Dear interviewee,
This is a technical exercise meant to judge the proficiency of Data Engineers applying for a role in the Nederlandse Loterij Organisatie.
The interview folder contains two tables, bets_v1
and trans_v1
. Your assignment will be to create a code repository which reads, transforms and displays nested data using PySpark. It should be easy for the reviewers to run the code and supplemented unit tests.
You will be judged based on syntax, problem solving skills, and use of best practices. Good luck.

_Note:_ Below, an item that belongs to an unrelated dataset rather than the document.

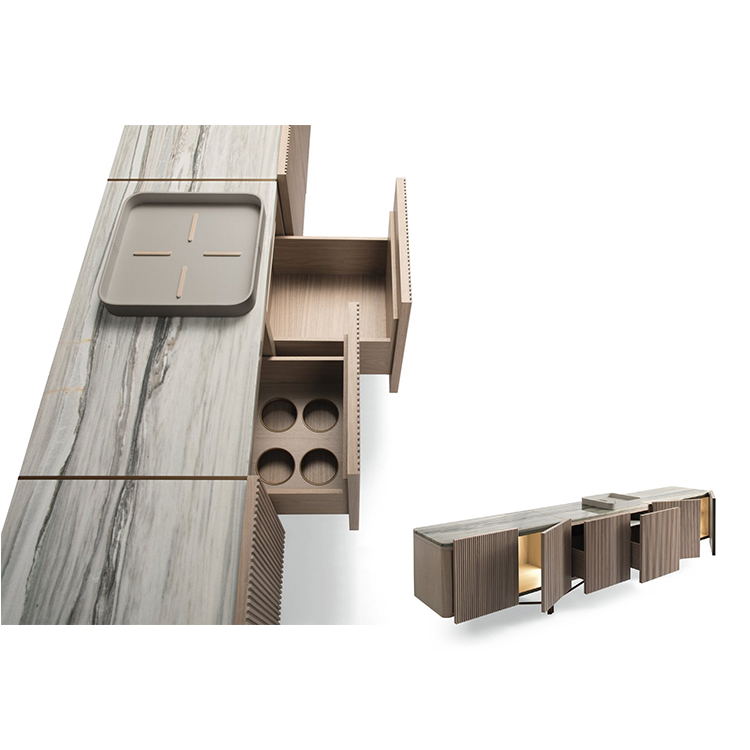 新品上市 意大利giorgetti Carlo Colombo 不銹鋼鍍金銅五金金屬 實(shí)木條紋電視柜置物柜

In sportsbetting it's possible to bet on a combination of events. Information on these events can be found in table bets_v1
. However per bet the source provides data in two separate arrays. The odds are received in a column called 'legs' and the type of bet and the name of the sports-event can be found in the 'markets' column. Your goal is to read bets_v1
and add a column 'outcomes' which combines these two arrays, such that it becomes clear what are the odds for a specific market (i.e. a single list of outcomes in which all the information of an outcome is available).
A player has wagered on these bets and may have received payment from winning. To further process the bets, also read trans_v1
. With the sportsbook_id
can be determined to which bet the transactions belong. Add a column named transactions
to the DataFrame created in assignment 1 and add a column which contains per bet an array of the related transactions.
Select the sportsbook_id
, account_id
, outcomes
, and transactions
and write these to a parquet file called bets_interview_completed
and include this
in the repository.
Please return the repository in a zip file back to us.